On March 19th, Unilever announced a significant shift in its corporate structure. This change involves the separation of its ice cream division and the introduction of an extensive productivity program. These moves are part of Unilever's 'Growth Action Plan' (GAP), aimed at sharpening the company's focus and fostering sustainable growth.
The Unilever Board of Directors has decided to split off the ice cream division. This decision is influenced by the division's unique business characteristics, such as a dedicated supply chain and sales channels for frozen products. These distinct features require a different business model compared to Unilever's other operations. By separating, the company aims to enable both the ice cream division and Unilever to concentrate on their specific growth potentials.
In 2023, the ice cream division, which includes leading brands like Wall's, Magnum, and Ben & Jerry's, achieved a turnover of €7.9 billion. This move allows the division to evolve and invest in its unique strategy and operations as an independent entity. The full separation is expected to be completed by the end of 2025, considering various options to maximize shareholder interests.
Alongside the corporate restructuring, Unilever is implementing a comprehensive productivity program. This initiative aims to create a leaner and more efficient organization, supported by technological investments. Unilever anticipates saving around €800 million over the next three years with this program, more than offsetting the operational dis-synergies from the ice cream division's separation. Additionally, the program will reduce complexity within the company, focusing on process standardization and technology-driven efficiency improvements.
These changes are expected to impact approximately 7,500 predominantly office-based roles worldwide. Unilever underscores the importance of consultation with employees and representatives throughout this process and commits to handling the impacts on staff with respect and care.
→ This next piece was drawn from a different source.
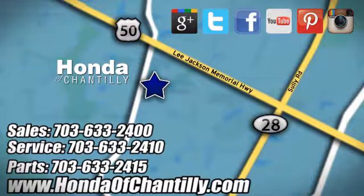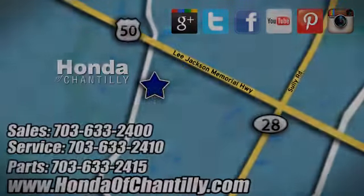Honda of Chantilly. We're conveniently located just south of Dulles Airport at 4175 Stonecroft Boulevard in Chantilly.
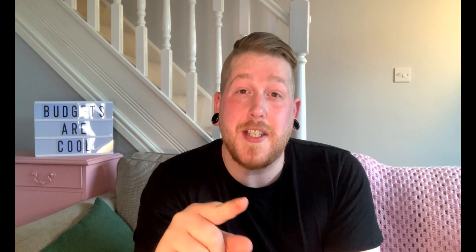Hi guys, gals and non-binary pals, welcome back to Budget with Aira. My name is Aira, and essentially I am a 35-year-old man who lives in a house that is almost completely pink. I am on a budgeting journey because I am an absolute fool and I racked up over £13,000 worth of debt. Every week on this channel, I share my debt payoff progress so that me and my boyfriend can achieve our dream of owning our first home together.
The separation and the productivity program will allow Unilever to focus on its strongest and most scalable brands. This strategy is expected to lead to sustainable growth and improved profitability. Ian Meakins, Chairman of Unilever, emphasizes that these steps will transform the company into a more focused and higher-performing enterprise.
CEO Hein Schumacher adds that these changes will enable Unilever to apply its innovation and market approach more effectively. This underscores Unilever's commitment to delivering strong, sustainable growth and improved profitability while carefully considering the involved employees.